“Gli schifosi” di Santiago Lorenzo, caso editoriale in Spagna, arriva in Italia con i suoi tanti spunti di riflessione grazie alla piccola Blackie Edizioni. Manuel, il protagonista, è un giovane laureato che si accontenta di vivere in modo precario e al di sotto delle sue possibilità. La sua è un’esistenza priva di stimoli e interessi, preferita a una socialmente più ricca, proprio a causa della sua incapacità a relazionarsi con gli altri e a credere in se stesso. La solitudine e l’inadeguatezza sono la sua condanna.
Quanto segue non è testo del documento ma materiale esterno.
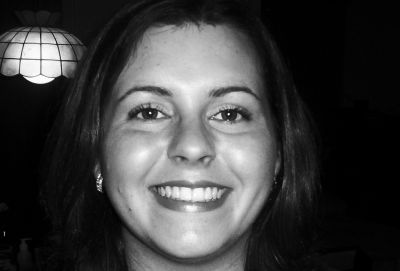 Amy Currier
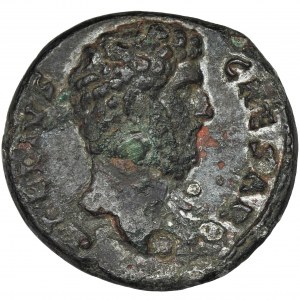 Roman Imperial, Aelius, As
Il momento storico-economico della Spagna dei primi anni duemila è senz’altro una delle principali cause di una vita giocata così in rimessa, dove il progresso e la repressione della polizia, in nome di ideologie a volte difficili da capire, non fanno altro che alimentare il vuoto che Manuel vive. Un fatto inaspettato e violento lo porterà a fuggire dalla città e a nascondersi in un piccolo villaggio fantasma. Lì pian piano (ri)troverà una sua dimensione fatta di piccole cose che lo renderanno padrone del suo tempo e dei suoi pensieri. Infatti la solitudine e la quasi totale assenza di rapporti umani, non solo non lo inaridiranno, ma lo aiuteranno a focalizzarsi per la prima volta su quel che conta davvero.

Un cammino a ritroso, dove pian piano una naturale predisposizione alla vita parca e frugale, tanto ingegno e una sottile dose di autoironia, renderanno la vita del protagonista addirittura gratificante.